JawaPos.com - Pemerintah Kota (Pemkot) Solo memastikan penutupan Sunday Market Manahan yang biasa diadakan setiap hari Minggu. Penutupan per 9 September mendatang dilakukan menyusul adanya penataan dan renovasi Stadion Manahan.
Selanjutnya, para pedagang akan dipindahkan ke tiga lokasi yang sudah disiapkan Pemkot Solo. Adalah Gladag Lagen Bogan (Galabo), Car Free Day (CFD) di Citywalk Slamet Riyadi, dan CFD Jalan Ir Juanda.
Untuk relokasi, Dinas Perdagangan (Disdag) Solo membuka pendaftaran bagi para pedagang kaki lima (PKL) yang ingin mendapatkan tempat baru berjualan. Pendaftaran dimulai Kamis (6/9) ini hingga Sabtu (8/9) mendatang. "Bagi pedagang yang ingin ikut dalam pendataan, bisa mendaftar di waktu tersebut bertempat di Galabo," urai Kepala Disdag Solo Subagiyo, Kamis (6/9).

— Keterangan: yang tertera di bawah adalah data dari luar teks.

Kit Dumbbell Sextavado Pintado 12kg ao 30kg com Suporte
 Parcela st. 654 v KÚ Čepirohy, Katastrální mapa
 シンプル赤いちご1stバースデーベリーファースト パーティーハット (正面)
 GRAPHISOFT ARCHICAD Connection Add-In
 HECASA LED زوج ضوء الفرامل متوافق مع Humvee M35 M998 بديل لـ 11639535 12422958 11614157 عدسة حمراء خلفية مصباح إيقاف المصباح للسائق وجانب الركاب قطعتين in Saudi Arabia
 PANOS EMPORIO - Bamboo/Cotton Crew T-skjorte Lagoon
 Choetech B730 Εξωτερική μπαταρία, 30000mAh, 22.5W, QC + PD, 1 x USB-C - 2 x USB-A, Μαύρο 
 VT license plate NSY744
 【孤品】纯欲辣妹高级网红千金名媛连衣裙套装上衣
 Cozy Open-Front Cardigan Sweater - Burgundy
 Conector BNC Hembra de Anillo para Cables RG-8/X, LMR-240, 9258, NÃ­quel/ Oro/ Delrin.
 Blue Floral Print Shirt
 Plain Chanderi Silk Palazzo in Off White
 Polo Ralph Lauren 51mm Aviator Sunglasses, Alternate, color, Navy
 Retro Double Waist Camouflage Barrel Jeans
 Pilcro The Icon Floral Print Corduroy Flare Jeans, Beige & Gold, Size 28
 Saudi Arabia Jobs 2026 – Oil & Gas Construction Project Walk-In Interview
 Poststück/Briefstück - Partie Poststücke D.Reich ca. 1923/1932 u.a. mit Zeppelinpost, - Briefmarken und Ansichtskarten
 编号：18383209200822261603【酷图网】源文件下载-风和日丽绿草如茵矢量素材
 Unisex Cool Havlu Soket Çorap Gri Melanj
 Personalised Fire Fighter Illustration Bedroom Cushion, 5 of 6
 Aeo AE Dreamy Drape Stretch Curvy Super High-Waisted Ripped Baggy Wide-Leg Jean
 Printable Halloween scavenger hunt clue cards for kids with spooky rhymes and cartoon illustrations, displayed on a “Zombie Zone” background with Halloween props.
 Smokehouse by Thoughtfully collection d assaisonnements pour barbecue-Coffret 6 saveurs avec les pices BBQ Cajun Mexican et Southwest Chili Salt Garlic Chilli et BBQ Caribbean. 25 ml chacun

Dengan waktu yang sangat terbatas, Subagiyo berharap agar pedagang lebih cepat untuk mendaftarkan diri jika ingin bisa berjualan di tempat-tempat yang sudah disiapkan. Sebab jika sampai tidak melakukan pendaftaran dalam waktu tiga hari, otomatis pedagang tidak bisa mendapatkan tempat berjualan. "Untuk penempatan ini kami juga sudah berkomunikasi dengan paguyuban seperti di CFD Slamet Riyadi," katanya.
Subagiyo tidak memungkiri jika tiga lokasi yang disediakan belum sepenuhnya bisa menampung PKL Sunday Market. Saat ini, jumlah PKL Sunday Market tercatat sebanyak 1.500 pedagang.
Sedangkan tiga lokasi tersebut kurang dari jumlah itu. Maka dari itu, nantinya pedagang yang tidak bisa tertampung ditempatkan di pasar-pasar tradisional. "Ya kalau tempatnya sudah penuh, akan dicarikan selter atau ke pasar tradisional. Tetapi pedagang juga harus mengajukan permohonan kepada pemkot dulu," ungkapnya.